Your copy should match the entries exactly, except that it holds no pictures.

════════

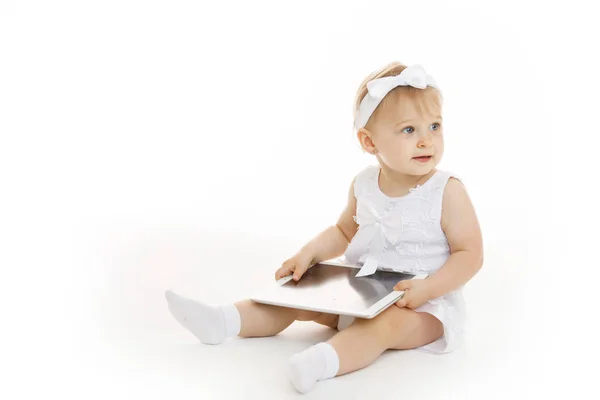 Маленькая девочка в белом с планшетом — стоковое фото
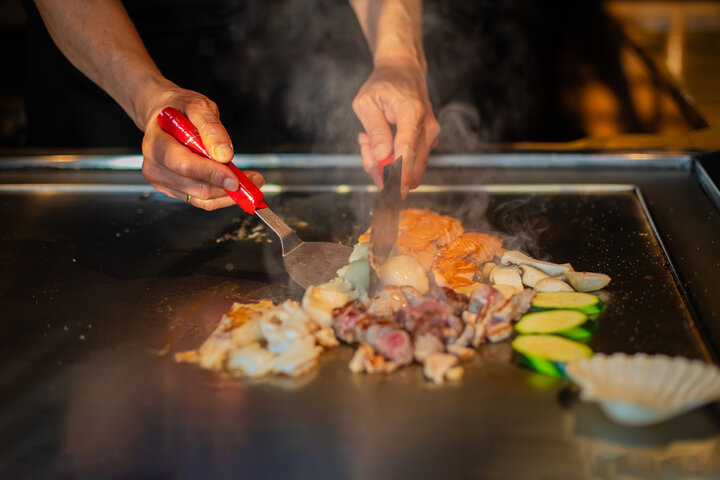 Hibachi chef performing cooking show at Boston party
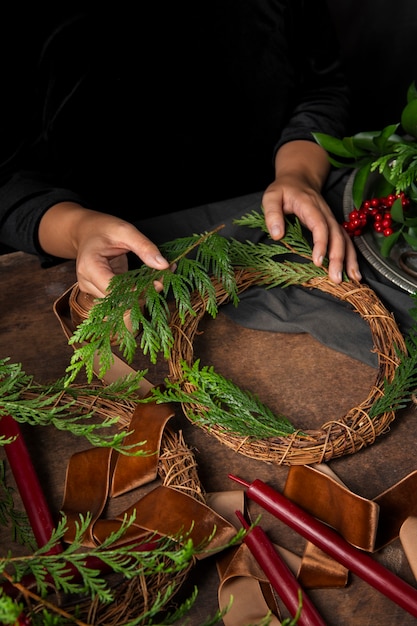 Top view hands assembling  advent wreath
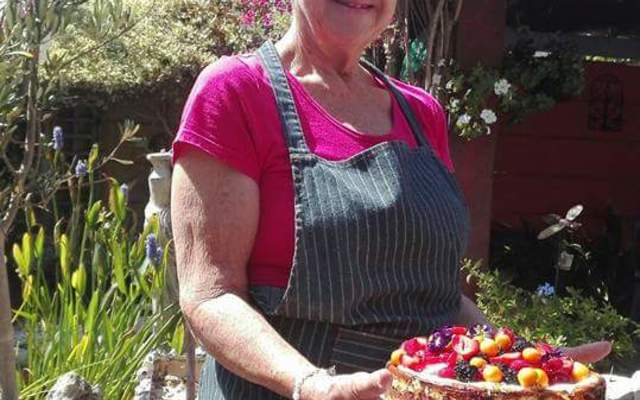 Gayle with her freshly baked berry cheese cake.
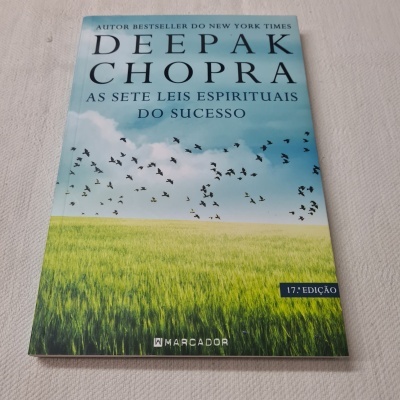 Capa do livro 'As sete leis espirituais do sucesso' de Deepak Chopra com campo verde e pássaros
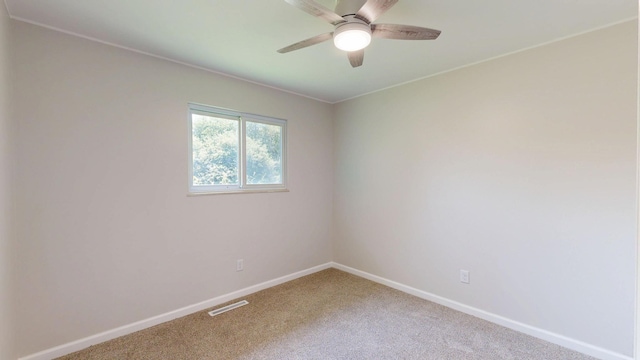 7106 Partridge Dr, Flushing, MI 48433 - carpeted empty room featuring baseboards and a ceiling fan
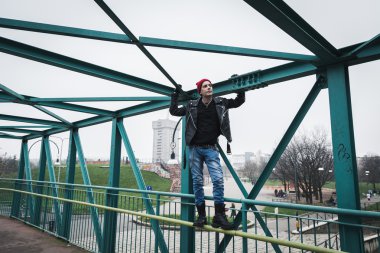Punk guy standing on a bridge clipart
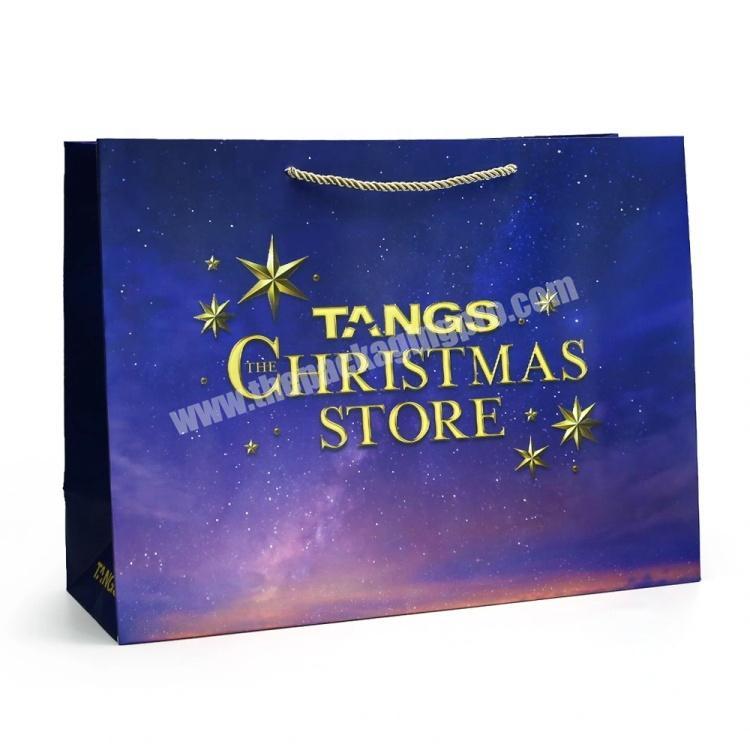 White Paperboard Material PP Rope Purple Christmas Store Gift Paper Bags With Logo Printing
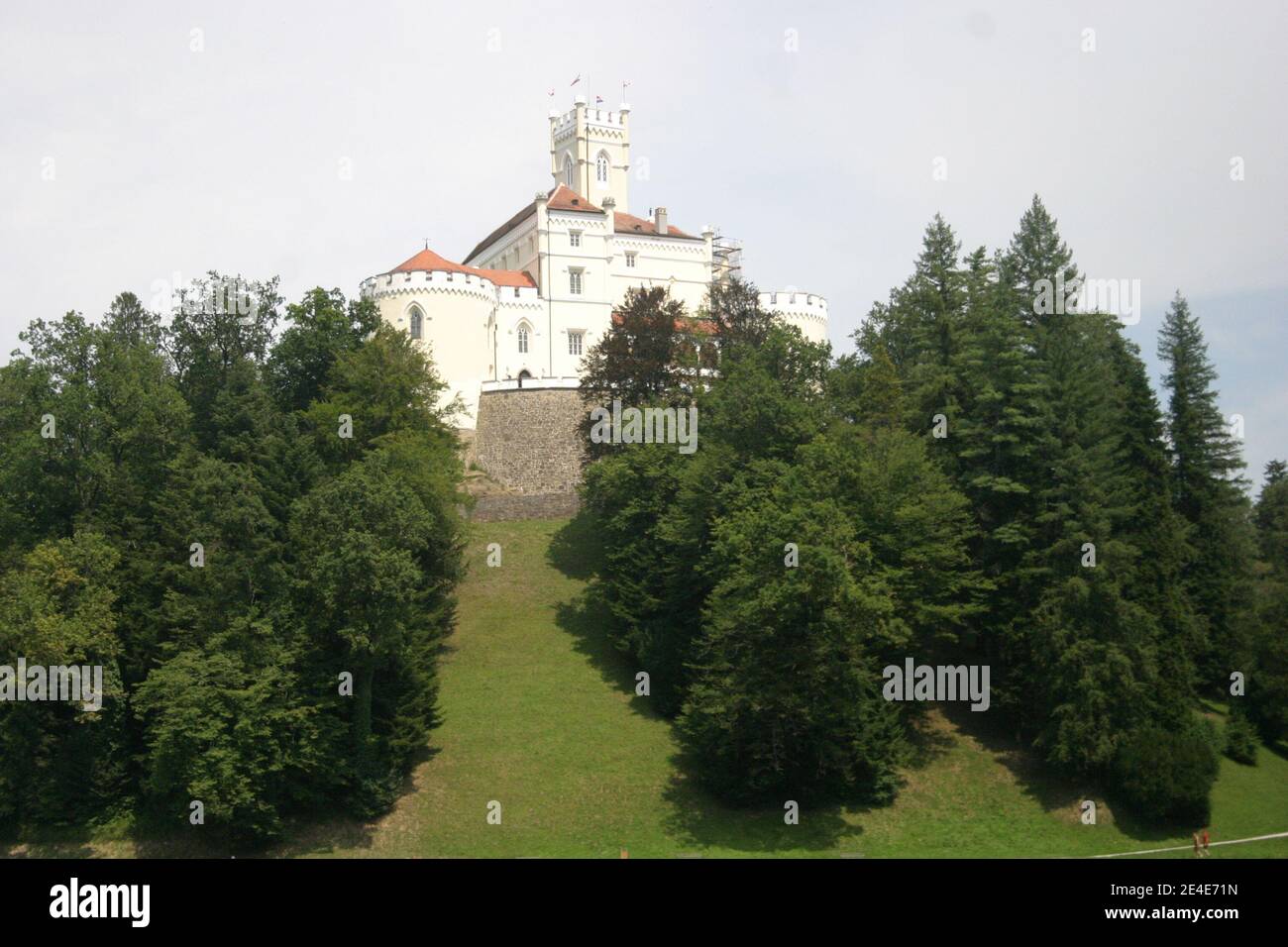 Primo piano di un castello medievale in cima alla collina, circondato da boschi, foto scattata con teleobiettivo, in una giornata parzialmente nuvolosa d'estate Foto Stock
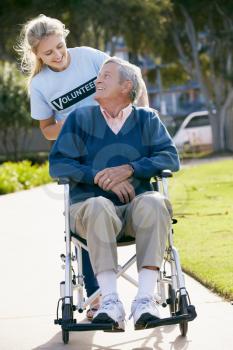 Teenage Volunteer Pushing Senior Man In Wheelchair
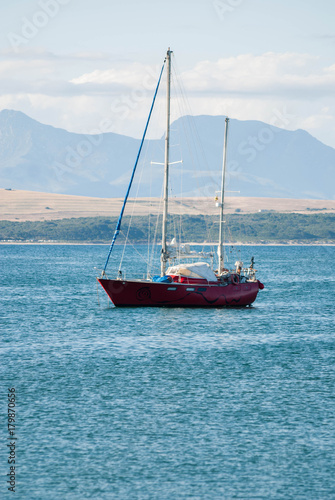 A red sailing boat on the menai strait, Anglesey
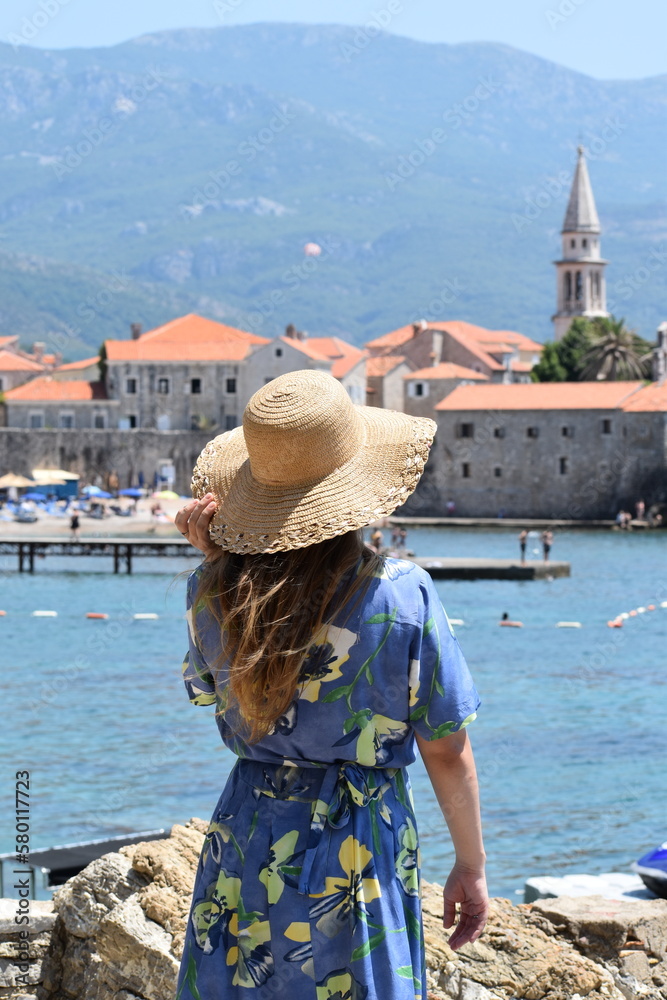 Woman at the beach watching the old town of Budva 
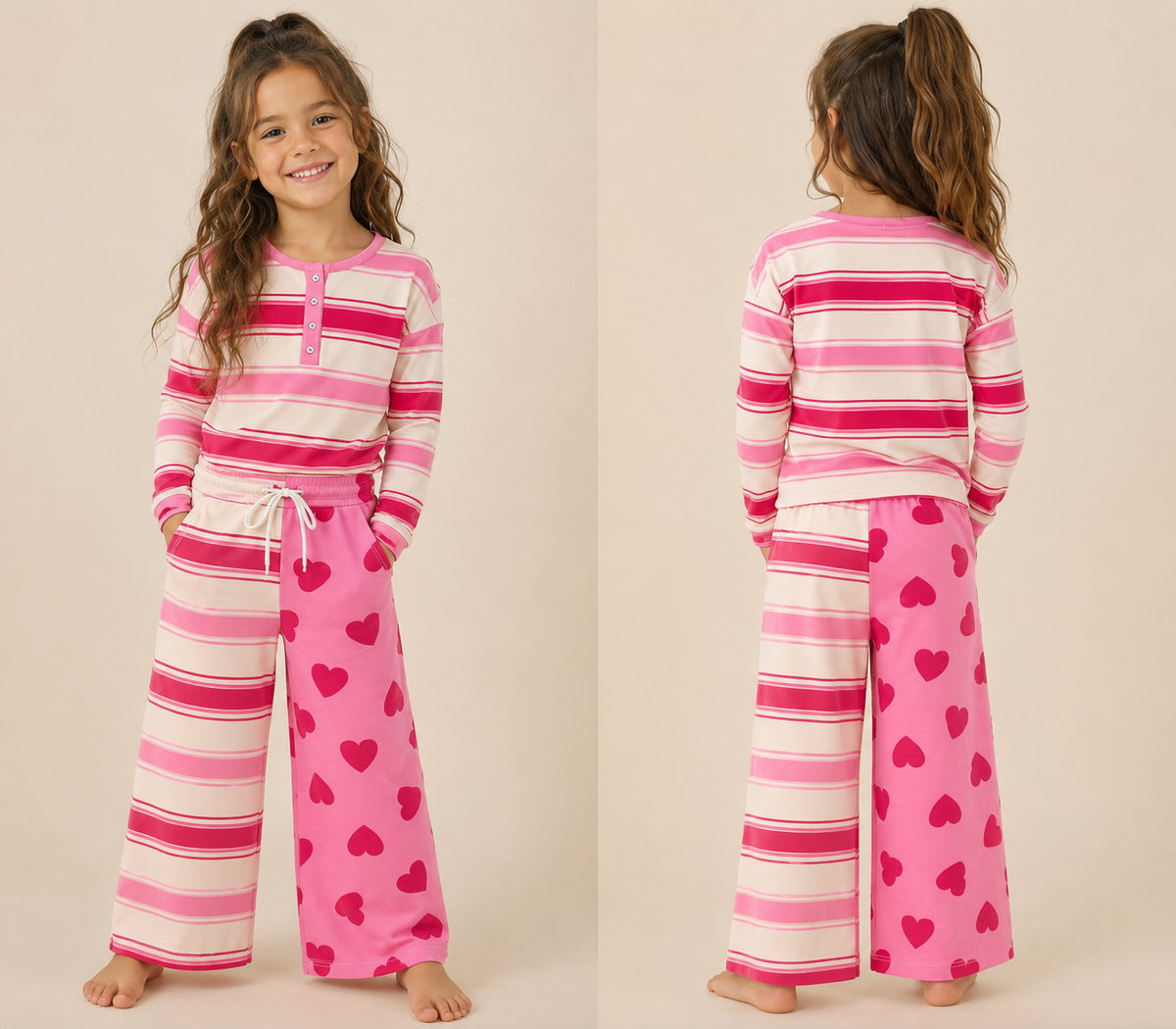 A young girl modeling a two-piece pajama set in a side-by-side front and back view. The set features a long-sleeve henley top with pink, magenta, and cream horizontal stripes, paired with matching wide-leg pants that are pink with dark pink hearts on one leg and solid pink with lighter pink hearts on the other.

════════

◆ **Task response**
 Маленькая девочка в белом с планшетом — стоковое фото
 Hibachi chef performing cooking show at Boston party
 Top view hands assembling  advent wreath
 Gayle with her freshly baked berry cheese cake.
 Capa do livro 'As sete leis espirituais do sucesso' de Deepak Chopra com campo verde e pássaros
 7106 Partridge Dr, Flushing, MI 48433 - carpeted empty room featuring baseboards and a ceiling fan
Punk guy standing on a bridge clipart
 White Paperboard Material PP Rope Purple Christmas Store Gift Paper Bags With Logo Printing
 Primo piano di un castello medievale in cima alla collina, circondato da boschi, foto scattata con teleobiettivo, in una giornata parzialmente nuvolosa d'estate Foto Stock
 Teenage Volunteer Pushing Senior Man In Wheelchair
 A red sailing boat on the menai strait, Anglesey
 Woman at the beach watching the old town of Budva 
 A young girl modeling a two-piece pajama set in a side-by-side front and back view. The set features a long-sleeve henley top with pink, magenta, and cream horizontal stripes, paired with matching wide-leg pants that are pink with dark pink hearts on one leg and solid pink with lighter pink hearts on the other.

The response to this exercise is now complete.